With this concept, the delivery pressure of the compressor will stay nearly constant, as the major factor determining the pressure is the hydrostatic pressure. The frequency of this mixing system can also be changed by just varying the gas supply flow.

50

The drawbacks of this concept are blockages of the gas accumulator and the U-tube. The gas accumulator can be flushed, but the U-tube, on the other hand, poses a problem as it cannot be flushed or pressurised inside the accumulator, as the bottom is open.

Concept 3

The third concept used the idea of the gas accumulator inside the digester, but consisted of a series of chambers that also worked on the U-tube principle. The aim with the series of channels was to decrease the chances of blockages compared to a single U-tube and to be able to flush the gas accumulator when needed.

The gas accumulator, also known as a plug-flow generator, was supplied with pressurised gas and released the accumulated gas into the draft tube in plugs. The flow diagram of the third concept is illustrated in Figure 3.28 below.

Figure 3.28: Concept 3 – Plug-flow generator

The pressurised gas supplied from the compressor first passes through a one-way valve and then to the plug-flow generator. The pressurised gas fills the plug-flow generator and displace the digestate out through the bottom of the open chambers.

When the displaced digestate level reaches the level just below that of the bottom of the first chamber (on the right-hand side in Figure 3.28), the accumulated gas escapes through this chamber and enters the draft tube as a plug. With the accumulated gas escaping in the first chamber, the digestate level in the third chamber (large chamber on the left-hand side) will rise to a point and the bottom of chamber two will be flooded.

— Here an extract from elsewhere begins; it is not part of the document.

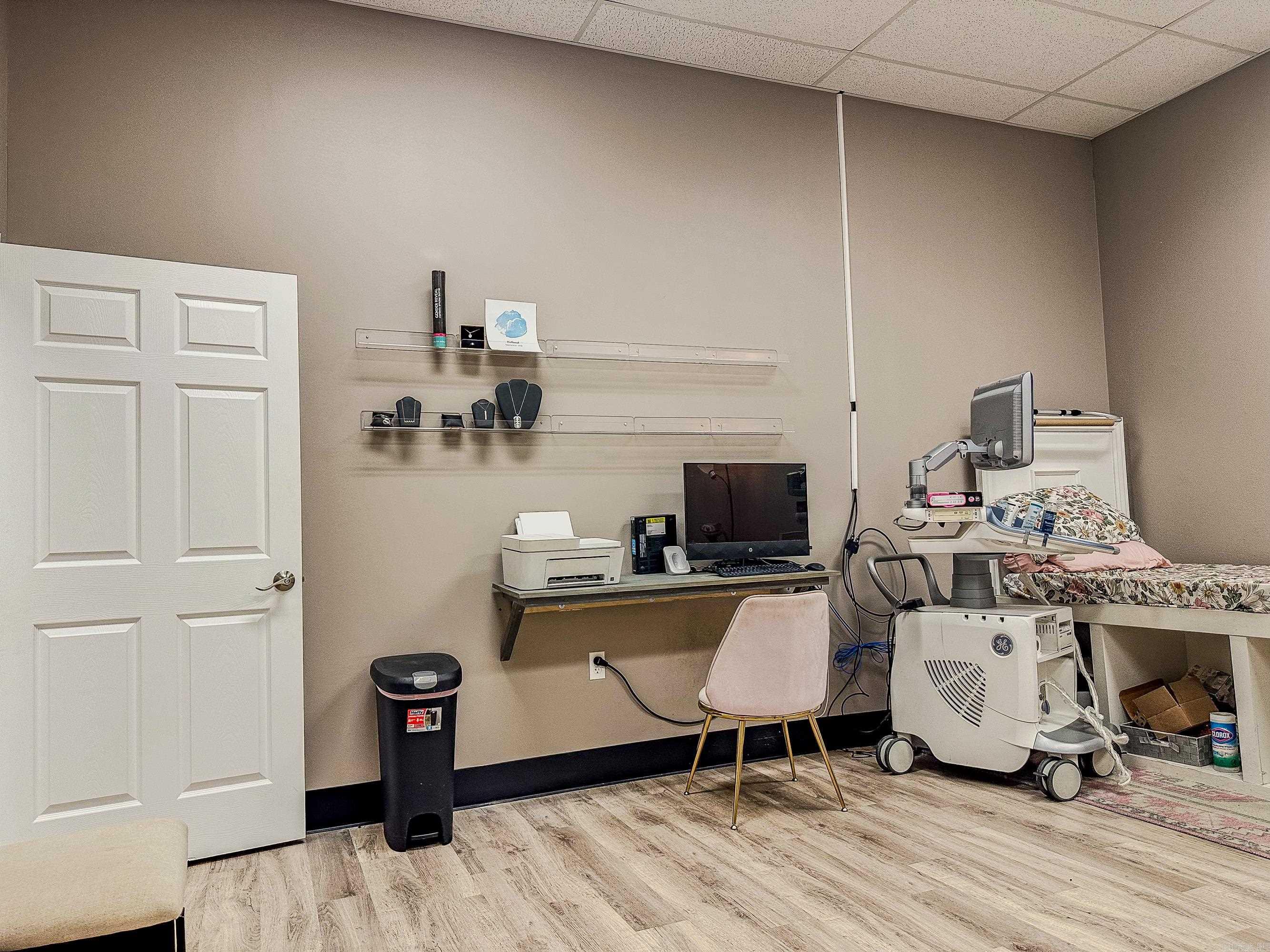 7197 Sheridan Suite 107 White Hall, AR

In this concept there are no mechanical or moving parts in the digester. The system also keeps the load on the gas compressor constant and, by varying the gas flow rate, the frequency of plug formation changes. The series of chambers in this concept provides an advantage over the U-tube of concept 2, as they can be bigger in size and a high-pressurised water line can be incorporated with a set of nozzles to flush the plug-flow generator.

51

Concept evaluation

The three concepts generated for the mixing system were assessed in an evaluation matrix based on a selected set of installation, operation and maintenance criteria.

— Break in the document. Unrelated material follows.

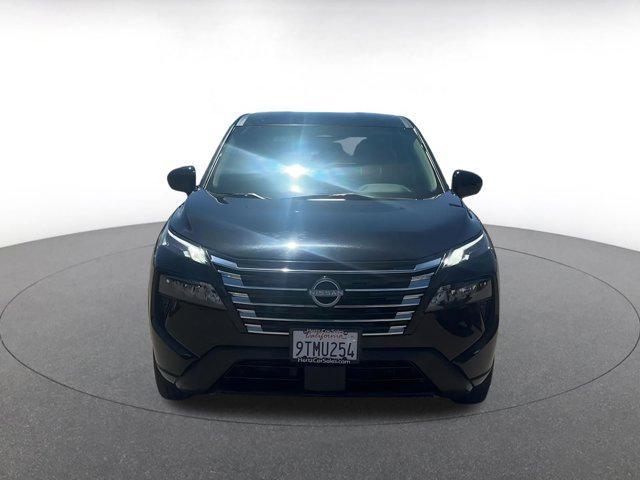 Photo of 2024 Super Black Nissan Rogue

In the evaluation matrix criteria, an importance factor was assigned based on a scale from 1 to 5, with 5 being the highest. A rating was assigned to each criterion on a scale from 1 to 5, with 5 being the highest again. The importance factor and the rating giving to the concept were then multiplied to get a score. The scores of each concept were summed to get a total score for each concept, and these can be seen in Table 3.11 below.

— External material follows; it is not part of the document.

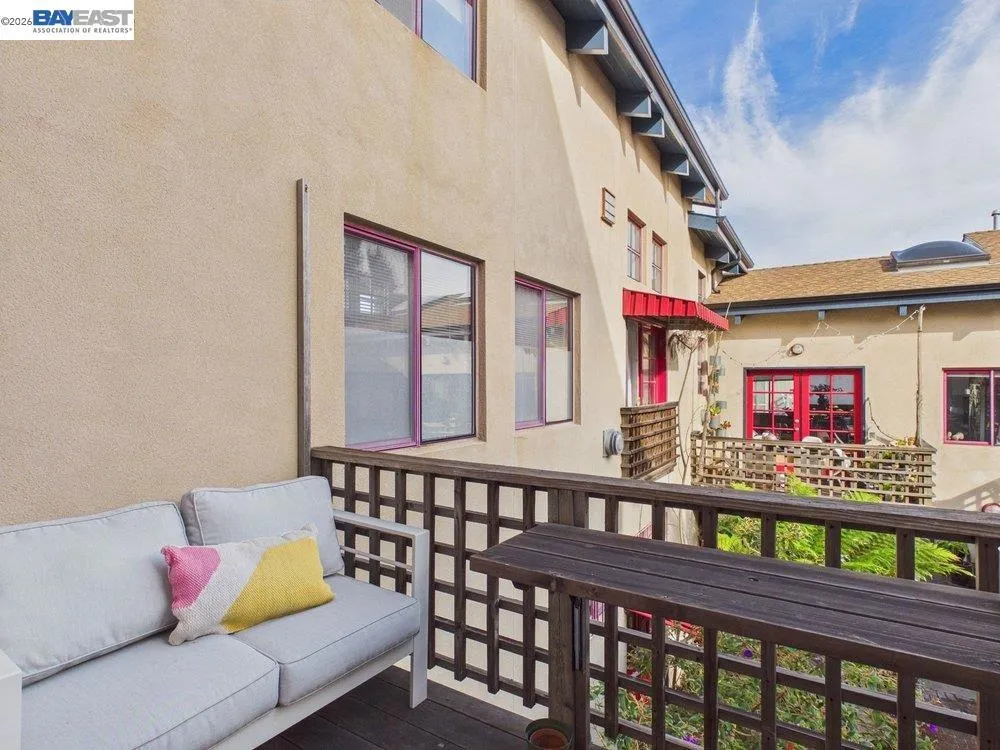 2932 Filbert St Oakland, CA 94608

Table 3.11: Mixing concept evaluation matrix

Evaluation criteria Importance Concept 1 Concept 2 Concept 3

Rating Score Rating Score Rating Score

Risk of blockage 5 5 25 2 10 4 20 Ease of cleaning 4 4 16 2 8 4 16 Maintenance 4 3 12 5 20 5 20 Manufacturing cost 3 1 3 5 15 4 12 Ease of installation 2 4 8 3 6 3 6 Design complexity 4 1 4 5 20 5 20

Operating live time 4 3 12 5 20 5 20

Total 80 99 114

Based on the concept elevation matrix presented above, concept 3 seemed to be the most promising option. This concept was used for the scale experimental. The numerical model to predict the mass displaced by the draft tube was also based on this concept.